*Exercise:* Every line below between the one holding "남면농협하나로마트 이미지" and the one holding "엘살바도르 비트코인에 대한 오해를 정리한 표", inclusive, should be copied exactly, and no other line.

*Data to use:*
--------------------------------------------------
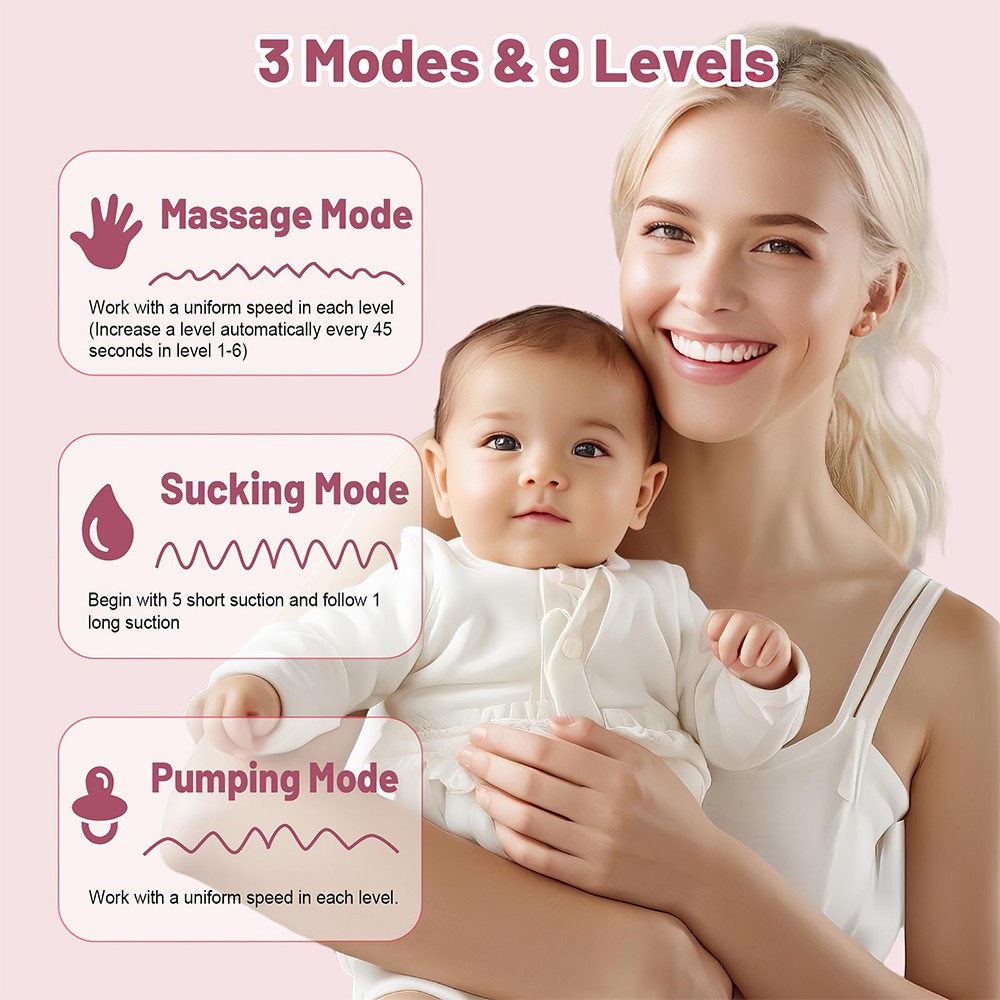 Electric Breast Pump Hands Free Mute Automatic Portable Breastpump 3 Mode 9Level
--------------------------------------------------
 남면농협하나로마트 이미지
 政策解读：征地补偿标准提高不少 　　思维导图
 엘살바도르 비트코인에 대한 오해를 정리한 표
--------------------------------------------------
*Solution to the exercise:*
 남면농협하나로마트 이미지
 政策解读：征地补偿标准提高不少 　　思维导图
 엘살바도르 비트코인에 대한 오해를 정리한 표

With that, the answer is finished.